I would also prefer a more straightforward definition that can be memcast to common structs used in the geometry libraries. If the need for higher degree Bezier (or other Spline types) arises, this can simply be implemented with another vector block type, which is an optional capability. Converting complex and general definitions to primitive forms on the machine controller can be efficient if it reduces data volume and reduces discretization errors, but I think for Bezier it would just add a nested swich statement in the handling of the vector block type.
Two examples for complexity vs. performance:
Pro: Discretizing a circle or a Bezier spline to straight line segment micro vectors on the embedded machine controller (optimized for the hardware cycle time) is easy to calculate and saves data.
Con: Performing polygon offsets to calculate hatch fillings on the machine controller is not a good idea because the operation is expensive (CPU time) and requires careful handling of float rounding errors and edge cases.

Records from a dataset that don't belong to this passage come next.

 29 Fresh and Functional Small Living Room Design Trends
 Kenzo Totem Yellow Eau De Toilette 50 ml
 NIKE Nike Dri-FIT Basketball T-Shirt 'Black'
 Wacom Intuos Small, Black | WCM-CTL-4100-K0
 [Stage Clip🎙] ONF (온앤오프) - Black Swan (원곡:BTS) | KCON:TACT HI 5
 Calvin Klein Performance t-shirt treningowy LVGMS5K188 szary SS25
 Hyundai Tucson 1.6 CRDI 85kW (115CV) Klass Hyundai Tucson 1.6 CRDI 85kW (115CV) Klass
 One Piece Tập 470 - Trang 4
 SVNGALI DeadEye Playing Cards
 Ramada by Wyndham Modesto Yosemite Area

representation of initial segments and strided memory access

I also want to elaborate on the initial segments comment by Samuel.
On the one hand this is a valid point because this deviates from the other Vector Block types. The repeated float fields are intended to be treated as an array of structs. Partial structs are not intended and their handling is undefined by the format, our C# library and format checker throws an error in that case.
Per the previous discussion, in case of the spline types what makes them a spline is that 2 adjacent segments have a common start/end point. This could also be represented with the BezierHatches definition, but that not only stores duplicate data but also gives rise to wired edge cases where parts of a hatch vector block form a spline that is then interrupted.
My idea to enforce this on the format level was to memcast the spline definition into the same 6 float segments (for 2d quadratic) with a “stride” of 2 floats, which is an overlap between the adjacent structs. . I know the “stride” concept from GPU vertex buffers in graphics pipelines.
But it might be clearer and easier to define the struct as having 4 floats, and 2 floats as extra fields. A stride requires pointer arithmetic in the indexer to access the “array of structs”. This is possible in C++ of course and in C# with Span, but it is uncommon and would at least need more comprehensive documentation. The “struct of 4” + 2 extra floats is closer to what we already use.

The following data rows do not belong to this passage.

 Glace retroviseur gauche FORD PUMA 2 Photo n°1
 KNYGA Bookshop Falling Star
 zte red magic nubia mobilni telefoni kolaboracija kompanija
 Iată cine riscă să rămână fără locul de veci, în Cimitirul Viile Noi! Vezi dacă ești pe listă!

useful feedback to move forward

@Samtanner12 as far as I understood your software uses the full struct (with start and end point) for splines. The "array of structs with stride" pattern can also be used with the definition proposed by Samuel, if the 2 floats from the extra fields are appended to the Vector after protobuf has parsed the Vector Block Message. I would then propose to define the last point (end point) instead of the start point in extra fields. This avoids a memmove of the whole backing array of the Vector because we have to insert at the front. This would give e.g. layout (x0, y0, cx0, cy0) for quadratic Bezier struct. Would that work for you, or would you prefer the current proposal with more comprehensive documentation?

@dyn-sdunn @dyndrite-gabriel is Dyndrite currently already internally using any fixed size structs for quadratic or cubic Bezier spline segments, or uses libraries that define such structs? If yes, what is their memory layout? Is it directly compatible with one of the proposed definitions or would require transformations?

[Samtanner12]

@SebastianDirks I appreciate your comprehensive breakdown of the various proposals.

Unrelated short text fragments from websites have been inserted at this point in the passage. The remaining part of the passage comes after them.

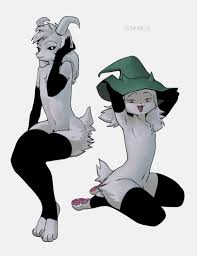 Rule 34 Asriel  смешные картинки и другие приколы: комиксы, гиф анимация,  видео, лучший интеллектуальный юмор.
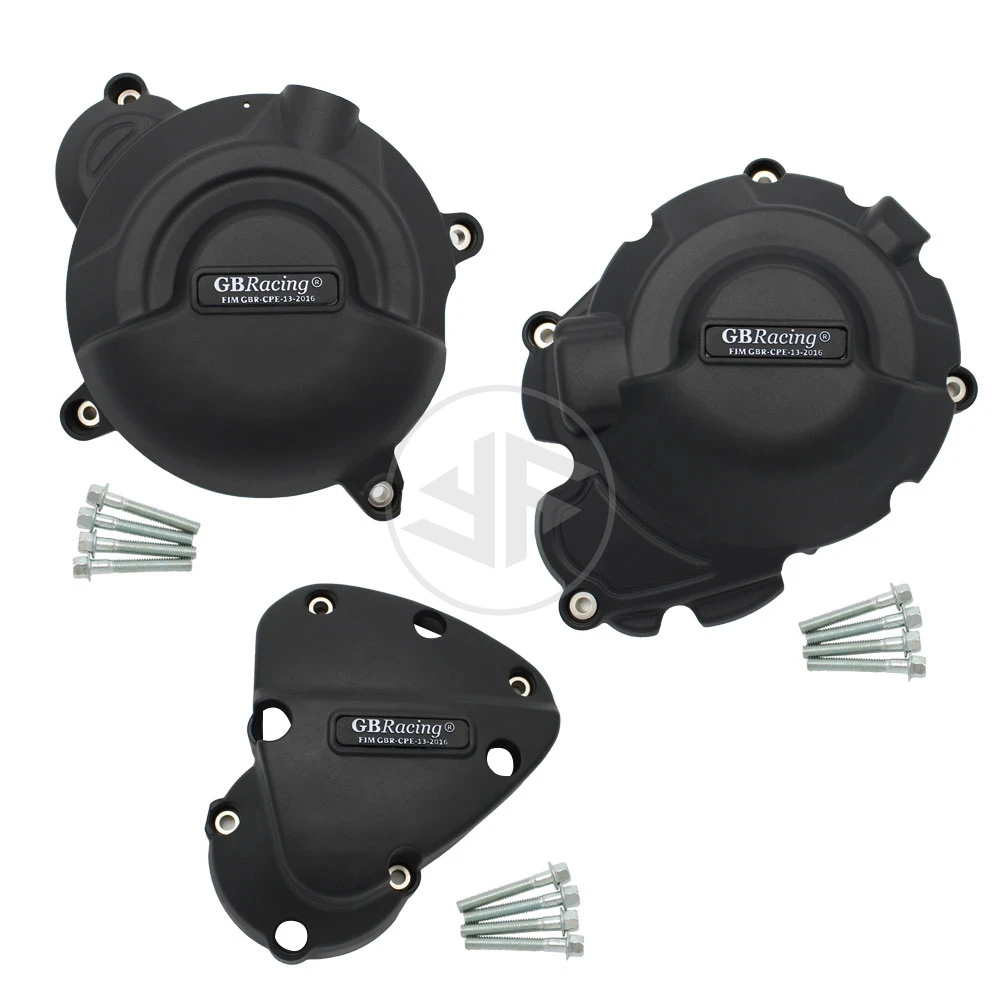 Для TRIUMPH Speed Triple 1200RR и 1200RS 2021 2022 2023 2024 2025 аксессуары для мотоциклов GB Racing Защитная крышка двигателя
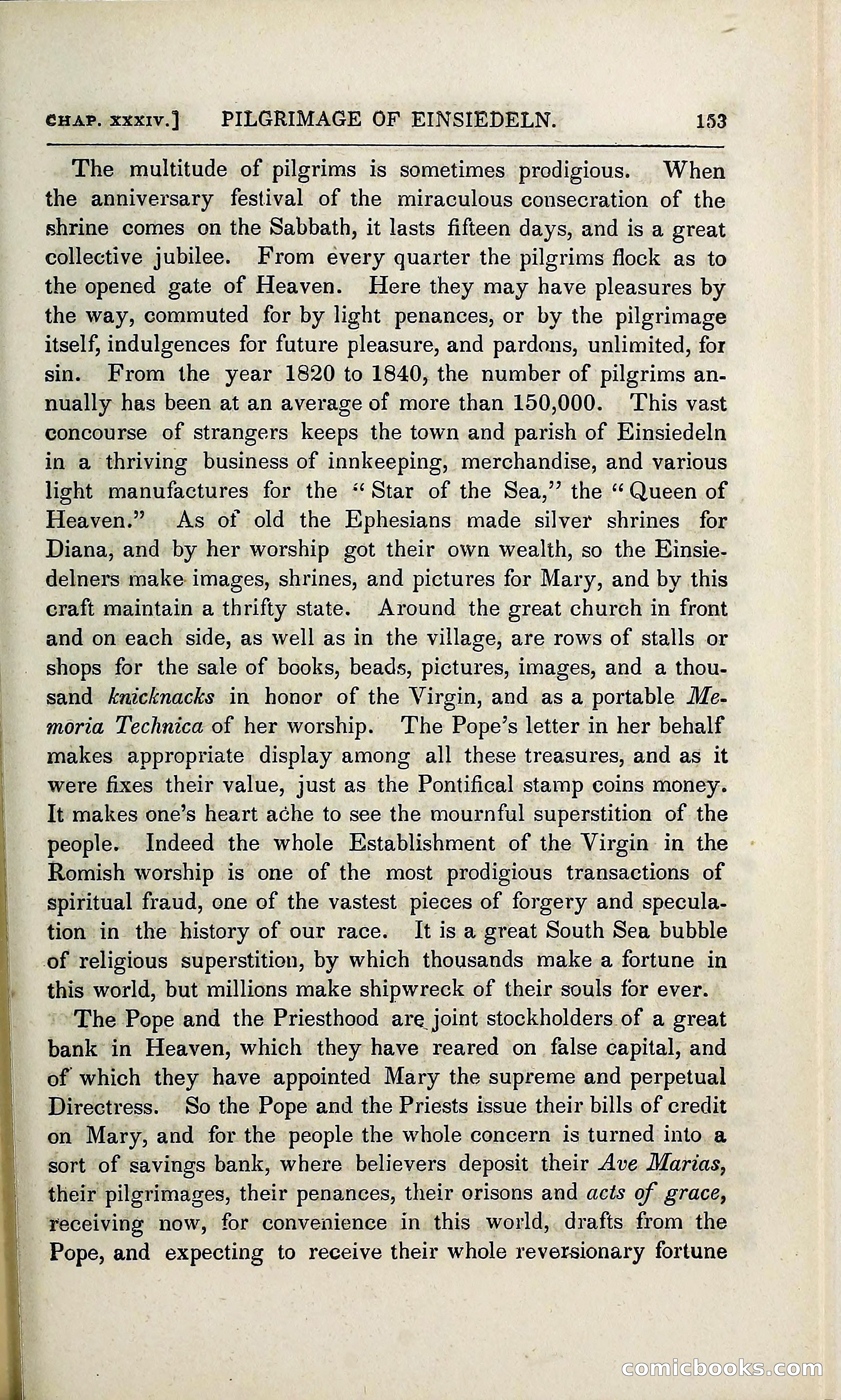 The Pilgrim in the Shadow of the Jungfrau Alp — page 347 of 396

My current implementation and firmware limitations does require me to use a full struct format.

I had not considered the cost of the front insert, and I understand the value of your proposed change to an endpoint definition. I see no reason to not move forward with the proposed definition as far as I am concerned. I look forward to answering any other questions that might be relevant. Thank you.

[Samtanner12]

Hi @SebastianDirks @dyndrite-gabriel @dyndrite-gabriel I’ve pushed the proposed updates:

Hatches: Quadratic/Cubic (stride 6/8); 3D variants (9/12).

Splines: start+control(s) with tail end point; 3D variants included.

Kept packed repeated float convention;

Let me know if you have any questions or concerns. thank you.